As previous articles on this blog have shown, things are getting worse.[1] The impact on Europe has hit the headlines most in recent weeks, with the media focus on rising bond yields, reflecting the lack of credibility that governments have in resolving the crisis. Even the European Financial Stability Facility (the more words, the less content) faces rising yields, leading to a situation where, as one market analyst put it, “the vehicle that’s supposed to borrow on behalf of countries that can’t borrow, can’t borrow.”[2] Read that two or more times, and you will get the idea. How the EFSF is meant to leverage its remaining funds to €1000bn in this situation I will leave to the geniuses of financial engineering.
The capitalist solution to the crisis involves a wholesale destruction of conventional living standards, and more besides. There are no solutions that any political party in crisis-stricken countries can propose that will get widespread support, but the destruction will get under way in any case. More Italians may hate Berlusconi now, but his exit will do nothing to resolve Italy’s problems. The resolution implies austerity, and no reduction in Italian bond yields based on his demise will prevent that.

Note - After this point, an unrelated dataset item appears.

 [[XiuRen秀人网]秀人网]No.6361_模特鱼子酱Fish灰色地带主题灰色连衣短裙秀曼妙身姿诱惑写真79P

The same thing applies to Greece, which seems to have stepped back from the brink of what may have been an even bigger shock to its living standards – leaving the euro – than is now going to happen, minus Papandreou.[3]

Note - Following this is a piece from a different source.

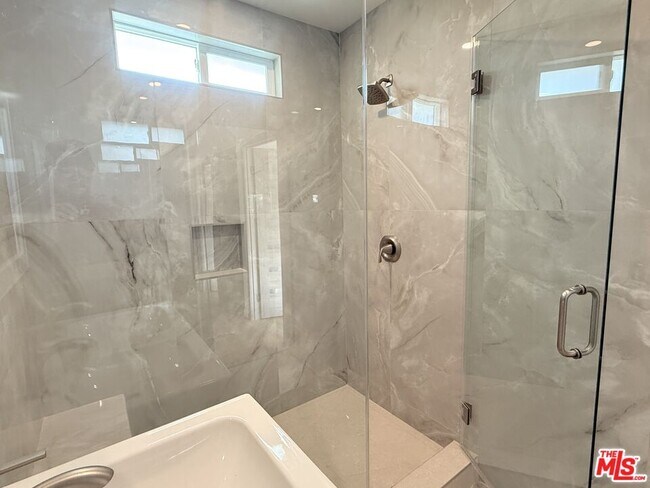 Building Photo - 7512 Norton Ave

The main European imperial powers, Germany and France, have their own reckoning to ponder. Busy trying to maintain the system they built, they have found their own finances under threat, as reflected in the weakened position of the EFSF, Sarkozy’s worries about French banks and Merkel’s troubles in the Bundestag. ‘Merkozy’ can deliberate, but the capitalist market decides. That is what the Law of Value is all about.
Tony Norfield, 8 November 2011
[1] See ‘It Can Always Get Worse’, 22 September 2011.
[2] See Lex Column, Financial Times, 3 November 2011.
[3] In my view, the costs for Greece of leaving the euro are huge. There are no historical examples of leaving a currency system after having given up the domestic currency and having spent a decade writing commercial contracts in a joint currency. The banking system may collapse within the euro system; it would definitely collapse outside of it.